Trackman gave instant feedback after every shot. When path improved from -6 to -2, he could see it. When face-to-path narrowed, he could see that too. That immediate loop matters because most golfers misread cause and effect. They think a shot curved because they did one thing, when the data often shows something else entirely.
Within the session, the ball flight changed from a weak slice to a softer fade and then to mostly straight shots with occasional slight draw. That does not mean the issue was permanently solved in one lesson. It does mean the player finally experienced the right pattern and understood what produced it.
His driver numbers moved in the right direction. Club path shifted closer to neutral. Face angle became less open relative to path. Spin reduced. Strike became more centred. Carry became more consistent, and the shape stopped bleeding distance to the right.

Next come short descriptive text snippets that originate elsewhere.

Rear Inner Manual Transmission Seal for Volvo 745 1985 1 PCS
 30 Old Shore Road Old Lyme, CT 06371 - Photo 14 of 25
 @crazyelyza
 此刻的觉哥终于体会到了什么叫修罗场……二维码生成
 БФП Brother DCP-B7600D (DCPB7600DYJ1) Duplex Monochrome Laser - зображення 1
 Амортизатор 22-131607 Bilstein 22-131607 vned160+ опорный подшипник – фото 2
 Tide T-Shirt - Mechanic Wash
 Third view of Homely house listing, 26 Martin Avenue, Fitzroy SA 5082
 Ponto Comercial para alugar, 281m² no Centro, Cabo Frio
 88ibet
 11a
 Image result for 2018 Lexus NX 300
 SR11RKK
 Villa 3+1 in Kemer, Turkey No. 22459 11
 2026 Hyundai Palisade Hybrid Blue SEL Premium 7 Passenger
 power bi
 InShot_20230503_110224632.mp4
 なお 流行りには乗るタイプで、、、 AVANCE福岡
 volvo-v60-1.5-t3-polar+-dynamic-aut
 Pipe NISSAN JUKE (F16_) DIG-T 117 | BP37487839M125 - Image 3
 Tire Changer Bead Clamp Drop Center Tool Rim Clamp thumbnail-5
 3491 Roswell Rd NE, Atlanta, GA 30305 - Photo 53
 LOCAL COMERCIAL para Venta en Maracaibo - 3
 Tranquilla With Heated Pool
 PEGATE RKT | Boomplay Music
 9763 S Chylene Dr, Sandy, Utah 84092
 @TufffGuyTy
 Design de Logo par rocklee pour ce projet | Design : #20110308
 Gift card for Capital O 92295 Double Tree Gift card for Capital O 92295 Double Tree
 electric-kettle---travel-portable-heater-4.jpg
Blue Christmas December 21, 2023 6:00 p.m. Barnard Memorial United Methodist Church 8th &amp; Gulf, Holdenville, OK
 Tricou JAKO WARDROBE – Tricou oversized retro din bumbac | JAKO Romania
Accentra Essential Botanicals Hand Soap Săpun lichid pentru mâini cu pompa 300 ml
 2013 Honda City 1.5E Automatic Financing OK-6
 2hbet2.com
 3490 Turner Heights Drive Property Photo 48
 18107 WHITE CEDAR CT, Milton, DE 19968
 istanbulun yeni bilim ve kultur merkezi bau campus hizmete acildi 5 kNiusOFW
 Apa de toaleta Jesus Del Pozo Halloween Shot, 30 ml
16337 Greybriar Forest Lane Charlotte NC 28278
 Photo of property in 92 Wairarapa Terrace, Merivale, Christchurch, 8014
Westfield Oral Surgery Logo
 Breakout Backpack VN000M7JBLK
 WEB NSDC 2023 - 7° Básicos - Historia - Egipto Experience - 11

What changed on the course
This is always the real test. Range improvement is useful, but on-course transfer is the standard that matters.
Over the next few weeks, the player reported a major change in confidence from the tee. He no longer felt he had to protect against the right side with a panic aim. That changed decision-making immediately. He could pick a proper target, commit to the shot and make a more athletic swing.
His misses did not disappear. No serious coach should promise that. Under pressure, he still had the occasional cut. But the miss became playable rather than destructive. That is a massive difference for scoring. A ball finishing in the first cut is not the same problem as one starting in bounds and peeling into trees or water.
He also saw a knock-on effect with long irons and hybrids. Once the path and face relationship improved, the whole top end of the bag became more functional. The game often works like that. Fixing one delivery pattern can improve several clubs at once.
What this case study fix slice with Trackman really shows
The biggest lesson is simple. A slice is a pattern, not a mystery. If you measure the delivery, identify the match-ups and train the right feels, progress can happen faster than most golfers expect.
It also shows that the best fix depends on the player. Some slicers need face control. Some need path control. Some need better contact. Many need a blend of all three, plus a practice structure that fits real life. For busy golfers, random bucket sessions are rarely enough. Focused work with feedback is what creates change.
That is why performance coaching works best when it is structured. Data gives you the diagnosis, coaching gives you the correction, and disciplined practice gives you retention. Miss one of those pieces and improvement tends to stall.
For golfers serious about better scoring, the aim is not to hit one perfect draw on the range. The aim is to build a reliable shot pattern you can trust when the card matters. If your slice is costing you distance, confidence and too many penalty shots, measured coaching can move you forward quickly.
Start with the truth of your ball flight, not your guess about it. Once you know exactly what the club is doing, the path to better golf becomes much clearer. That is when confidence stops being a hope and starts becoming a result.